FITA Field is a great game. Minor correction to Richard's info: most of the FITA Field targets are larger than the NFAA's and the distances are closer.

Don't forget the Usery Mountain Archers 28 target Combined field shoot on March 29th.

Dave


----------



## WrongdayJ (May 22, 2008)

Dave T said:


> Don't forget the Usery Mountain Archers 28 target Combined field shoot on March 29th.
> 
> Dave


I'm all over that. Hopefully I'll see you before then, but if not. . .for sure March 29th.

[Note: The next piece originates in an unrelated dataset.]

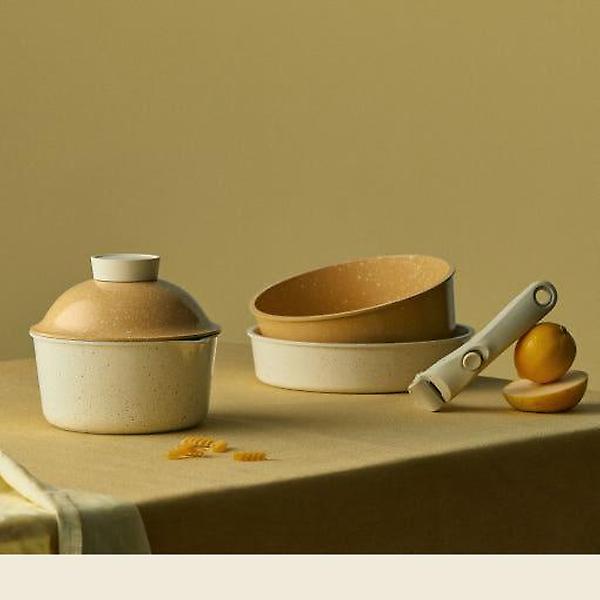  [모도리] 아롱 오븐 인덕션 소담쿡웨어  3종 세트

By the way. . .if you still want pics of that new bow posted. . .I can take them anytime you are ready.


----------



## K.Jensen (Jul 2, 2008)

Hey guys is there much room for spectators? I am thinking of coming to watch so I have an idea of what its all about before trying it out.


----------



## Dave T (Mar 24, 2004)

K.J,

I don't think there would be a problem with you following a squad around the course to see what it's all about. Just be there for the start as it would be a safety issue for you to go out on the course looking for them after they start.

Dave


----------



## WrongdayJ (May 22, 2008)

K.Jensen said:


> . . .Hey guys is there much room for spectators? I am thinking of coming to watch so I have an idea of what its all about before trying it out. . .


Absolutely!

In fact, that is the recommended method for learning these archery games.

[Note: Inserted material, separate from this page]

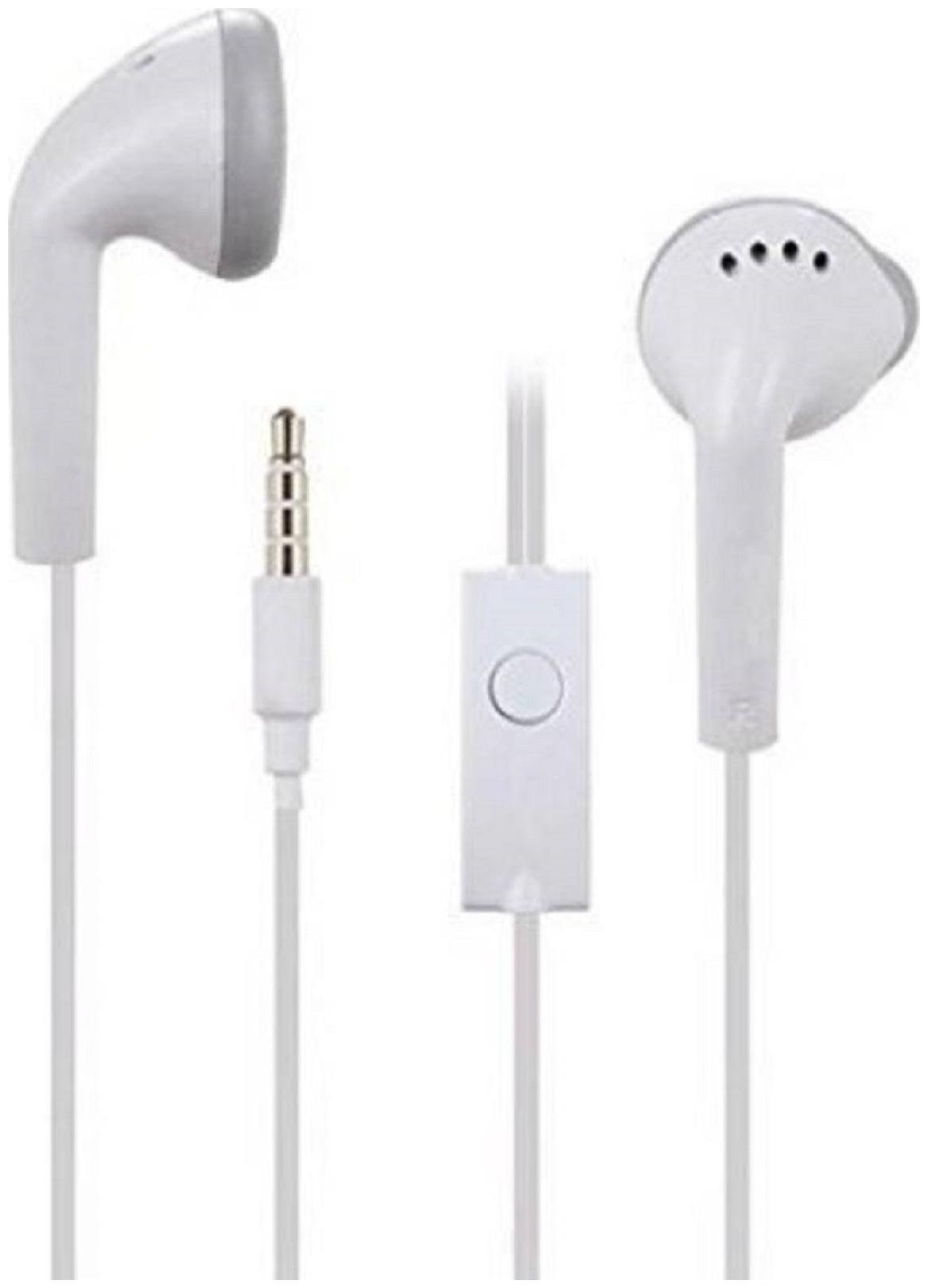 

AVYUKTA In-Ear Wired Headphone ( White )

All the folks that shoot out there are very friendly and helpful. 

Honestly. . .I wish I would have tagged along on a dry run (or two) before going out on my 1st round myself. Would have saved more than a few embarrasing moments for me.

If you ever want to shoot a round, or just go through the course, shoot me a PM. This time of year is absolutely gorgeous to shoot in, and I'd be happy to answer any questions you might have.


----------



## K.Jensen (Jul 2, 2008)

WrongdayJ said:


> Absolutely!
> 
> In fact, that is the recommended method for learning these archery games.
> 
> ...


Thanks very much I will be sure to do that. Sorry for my late response I had to run over to California for a death in the family. I appreciate the offer.


----------